» **What to do**: Among the entries below, please show each line that carries the word "Male".

---------- Data to examine

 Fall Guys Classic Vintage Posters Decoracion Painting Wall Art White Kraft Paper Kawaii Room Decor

--------------------
---------- Data to examine

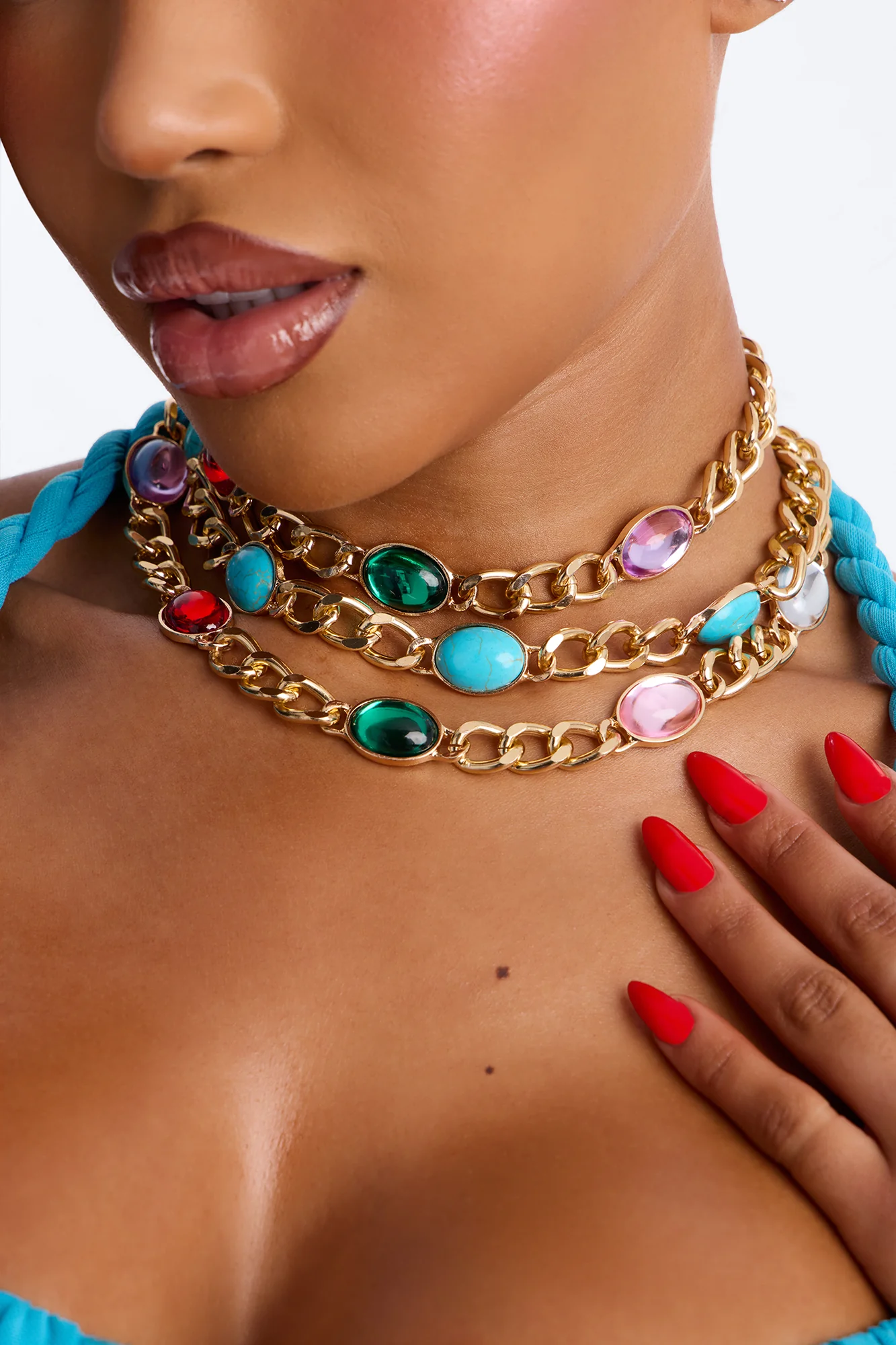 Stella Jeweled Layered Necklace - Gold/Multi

--------------------
---------- Data to examine

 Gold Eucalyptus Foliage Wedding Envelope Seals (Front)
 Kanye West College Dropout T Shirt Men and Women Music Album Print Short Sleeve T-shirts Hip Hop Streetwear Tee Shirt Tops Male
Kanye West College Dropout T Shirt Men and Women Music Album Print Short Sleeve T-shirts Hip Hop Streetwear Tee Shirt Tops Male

--------------------

» **Worked solution**:
 Kanye West College Dropout T Shirt Men and Women Music Album Print Short Sleeve T-shirts Hip Hop Streetwear Tee Shirt Tops Male
Kanye West College Dropout T Shirt Men and Women Music Album Print Short Sleeve T-shirts Hip Hop Streetwear Tee Shirt Tops Male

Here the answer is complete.